=== SUPPLIED ENTRIES ===
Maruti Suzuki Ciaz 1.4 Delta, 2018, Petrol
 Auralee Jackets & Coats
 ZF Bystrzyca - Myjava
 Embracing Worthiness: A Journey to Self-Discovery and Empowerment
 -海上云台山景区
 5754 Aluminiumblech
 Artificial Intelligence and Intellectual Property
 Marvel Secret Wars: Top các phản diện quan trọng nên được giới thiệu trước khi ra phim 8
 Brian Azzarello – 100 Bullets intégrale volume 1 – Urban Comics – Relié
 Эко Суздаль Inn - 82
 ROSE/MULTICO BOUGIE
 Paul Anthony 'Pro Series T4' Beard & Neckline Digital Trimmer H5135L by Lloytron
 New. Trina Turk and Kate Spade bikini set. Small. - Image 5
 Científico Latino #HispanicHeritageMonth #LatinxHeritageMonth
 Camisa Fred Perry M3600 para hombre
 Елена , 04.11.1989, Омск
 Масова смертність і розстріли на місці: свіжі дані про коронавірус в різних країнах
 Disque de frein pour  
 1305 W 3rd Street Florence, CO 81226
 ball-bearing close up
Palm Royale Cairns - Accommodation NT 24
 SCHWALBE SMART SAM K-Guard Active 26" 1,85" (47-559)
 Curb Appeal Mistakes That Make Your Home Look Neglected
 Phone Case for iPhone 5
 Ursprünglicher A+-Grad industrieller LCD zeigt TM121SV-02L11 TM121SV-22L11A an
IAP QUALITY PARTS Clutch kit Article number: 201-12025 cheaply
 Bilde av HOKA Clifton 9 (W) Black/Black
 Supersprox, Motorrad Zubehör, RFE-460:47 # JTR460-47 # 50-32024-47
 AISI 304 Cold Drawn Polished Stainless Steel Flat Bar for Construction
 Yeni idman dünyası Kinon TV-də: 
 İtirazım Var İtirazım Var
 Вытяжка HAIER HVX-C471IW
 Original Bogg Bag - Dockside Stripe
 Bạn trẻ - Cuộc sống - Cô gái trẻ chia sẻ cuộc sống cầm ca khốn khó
===
WHAT THE EXERCISE ASKS =
The full listing needs to be output again, exactly as it reads.

TASK SOLUTION =
Maruti Suzuki Ciaz 1.4 Delta, 2018, Petrol
 Auralee Jackets & Coats
 ZF Bystrzyca - Myjava
 Embracing Worthiness: A Journey to Self-Discovery and Empowerment
 -海上云台山景区
 5754 Aluminiumblech
 Artificial Intelligence and Intellectual Property
 Marvel Secret Wars: Top các phản diện quan trọng nên được giới thiệu trước khi ra phim 8
 Brian Azzarello – 100 Bullets intégrale volume 1 – Urban Comics – Relié
 Эко Суздаль Inn - 82
 ROSE/MULTICO BOUGIE
 Paul Anthony 'Pro Series T4' Beard & Neckline Digital Trimmer H5135L by Lloytron
 New. Trina Turk and Kate Spade bikini set. Small. - Image 5
 Científico Latino #HispanicHeritageMonth #LatinxHeritageMonth
 Camisa Fred Perry M3600 para hombre
 Елена , 04.11.1989, Омск
 Масова смертність і розстріли на місці: свіжі дані про коронавірус в різних країнах
 Disque de frein pour  
 1305 W 3rd Street Florence, CO 81226
 ball-bearing close up
Palm Royale Cairns - Accommodation NT 24
 SCHWALBE SMART SAM K-Guard Active 26" 1,85" (47-559)
 Curb Appeal Mistakes That Make Your Home Look Neglected
 Phone Case for iPhone 5
 Ursprünglicher A+-Grad industrieller LCD zeigt TM121SV-02L11 TM121SV-22L11A an
IAP QUALITY PARTS Clutch kit Article number: 201-12025 cheaply
 Bilde av HOKA Clifton 9 (W) Black/Black
 Supersprox, Motorrad Zubehör, RFE-460:47 # JTR460-47 # 50-32024-47
 AISI 304 Cold Drawn Polished Stainless Steel Flat Bar for Construction
 Yeni idman dünyası Kinon TV-də: 
 İtirazım Var İtirazım Var
 Вытяжка HAIER HVX-C471IW
 Original Bogg Bag - Dockside Stripe
 Bạn trẻ - Cuộc sống - Cô gái trẻ chia sẻ cuộc sống cầm ca khốn khó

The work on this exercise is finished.